Copy without pictures. Please restate each line of the listing exactly.

THE DATA:

_ _ _ _ _ _ _

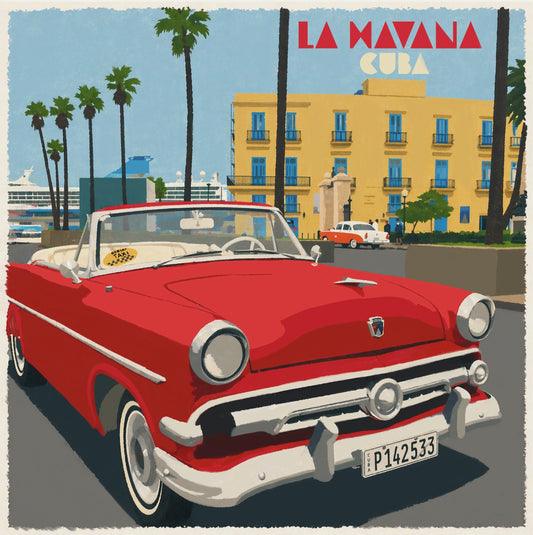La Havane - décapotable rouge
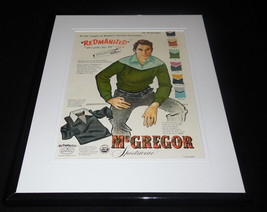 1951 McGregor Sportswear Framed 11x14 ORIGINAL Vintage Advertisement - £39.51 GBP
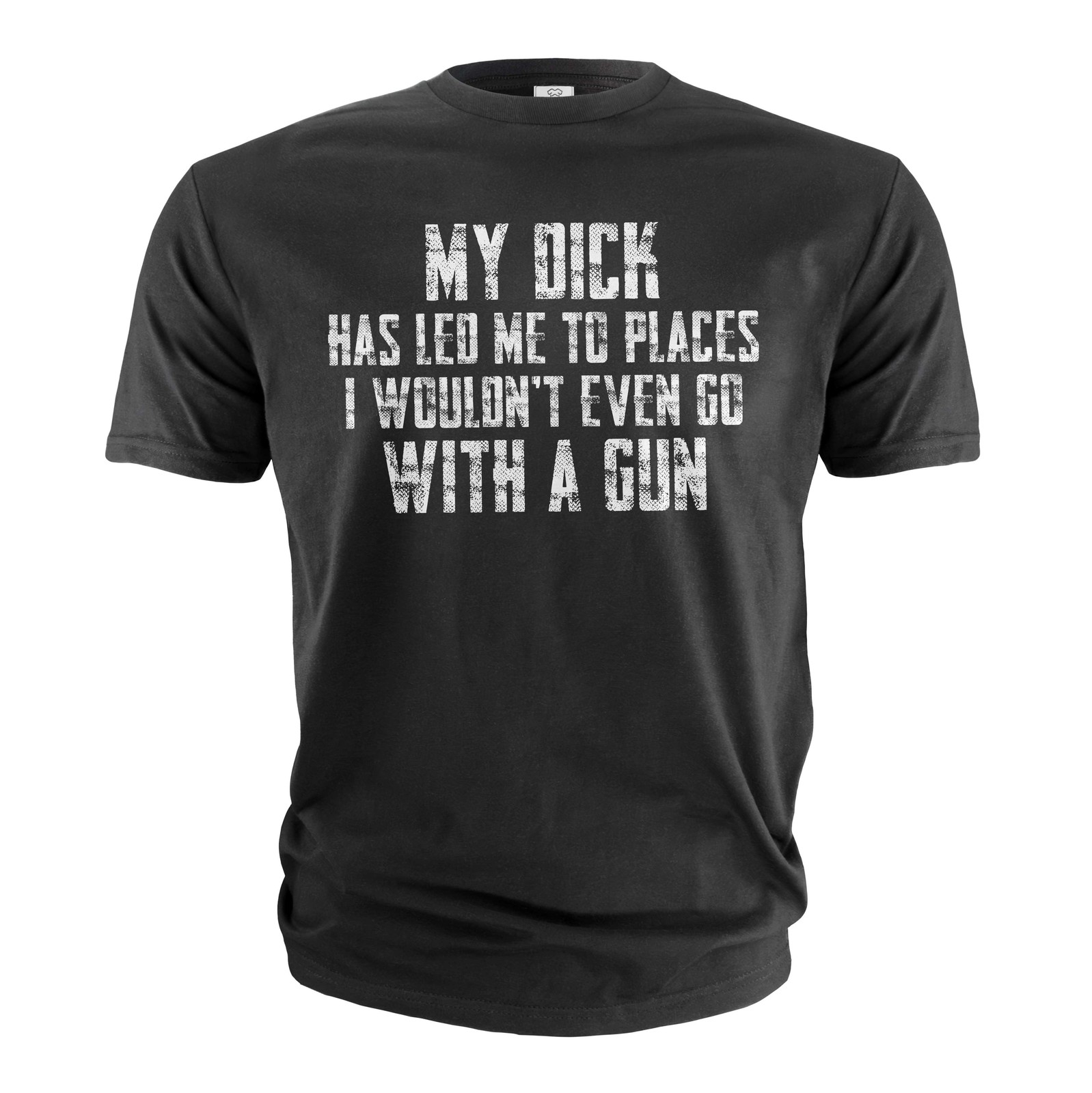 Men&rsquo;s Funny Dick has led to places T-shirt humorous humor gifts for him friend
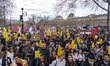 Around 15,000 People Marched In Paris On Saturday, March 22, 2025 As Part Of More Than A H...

_ _ _ _ _ _ _

TASK RESPONSE:
La Havane - décapotable rouge
 1951 McGregor Sportswear Framed 11x14 ORIGINAL Vintage Advertisement - £39.51 GBP
 Men&rsquo;s Funny Dick has led to places T-shirt humorous humor gifts for him friend
 Around 15,000 People Marched In Paris On Saturday, March 22, 2025 As Part Of More Than A H...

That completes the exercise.